Known as the Black Panthers because of the leopard on their insignia and their motto, “Come Out Fighting,” battalion members and the Allied Veterans Association joined forces to write a book about the unit, with the motto as the title.

The unit’s most notable member was 2nd Lt. Jackie Robinson, who was assigned to Camp Hood in early 1944, three years before he became the first black man to play major league baseball and six years before the camp was renamed Fort Hood.

“They faced a lot of perils and a lot of scrutiny, but they overcame it,” said Jeff Burns Jr., who will make a presentation before the film at the Peninsula Library.
Burns’s father, Jeff Burns Sr., who was originally from Georgia, was a member of the battalion. He left to fight with Ashby and returned to Inwood with him in 1945. Burns Sr. died in 1988.

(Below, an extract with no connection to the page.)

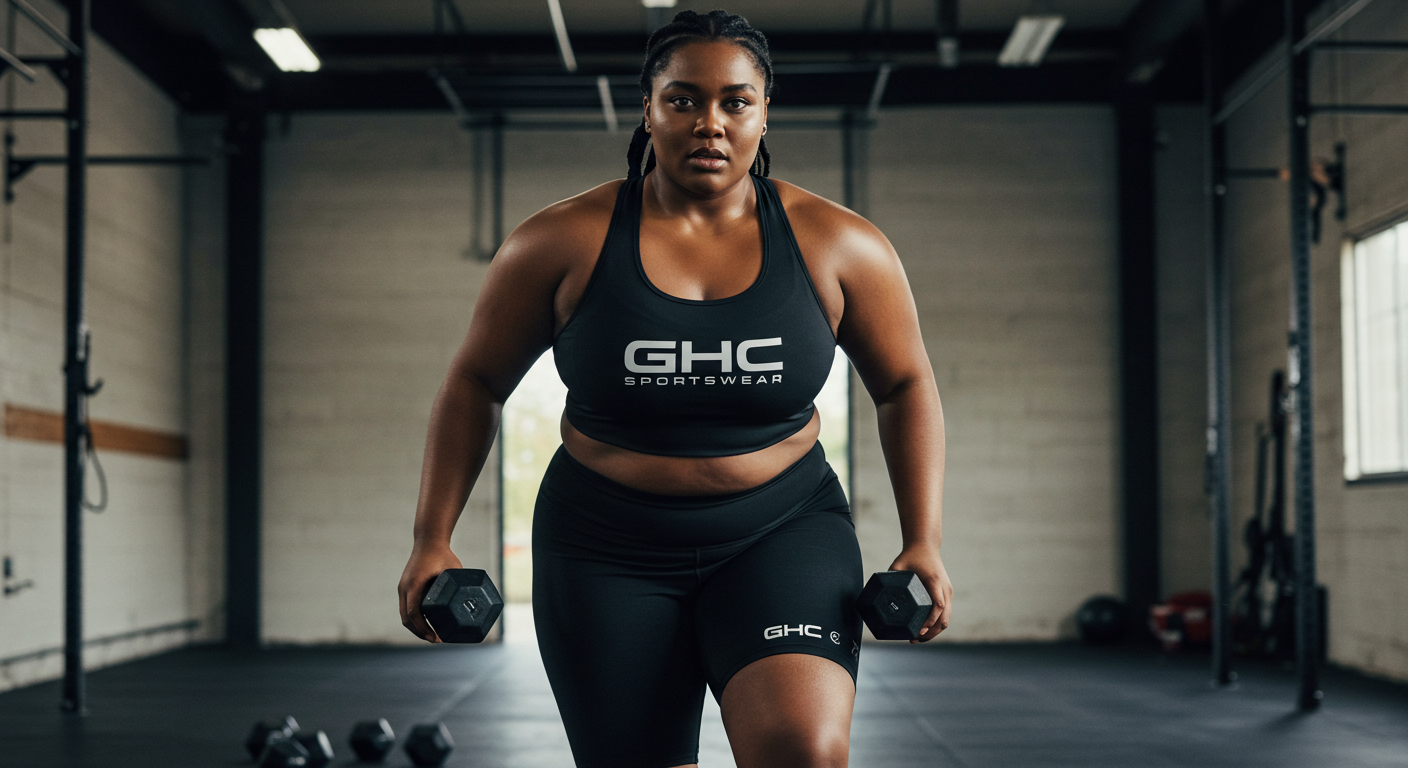 A plus-size athlete confidently wearing custom sportswear designed by GHC Sportswear, engaged in a dynamic workout. The clothing highlights both style and comfort with the GHC logo visible, set in an active indoor gym or outdoor space.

Janet Schneider, Peninsula’s adult programming librarian, said that Black History Month is an opportune time to feature a film about the 761st, describing the unit as “one of the heroic African-American battalions which were fighting on two fronts in World War II — battling discrimination at home as they fought for their country overseas.”

After the war, Ashby had a varied career that included additional military service at Mitchel Field and work in the financial industry. He is a former board member of the Five Towns Community Center in Lawrence, and an active member of the Bethel AME Church in Far Rockaway.

“We proved them wrong,” Ashby said, referring to the prejudice that African- American soldiers experienced at the time. “We were good for anything.”
Ashby earned the Bronze Star for “Meritorious Achievement Against the Enemy.”

The entire unit was awarded the Presidential Unit Citation, one of the highest honors that a combat unit can receive for heroism, by President Jimmy Carter in 1978.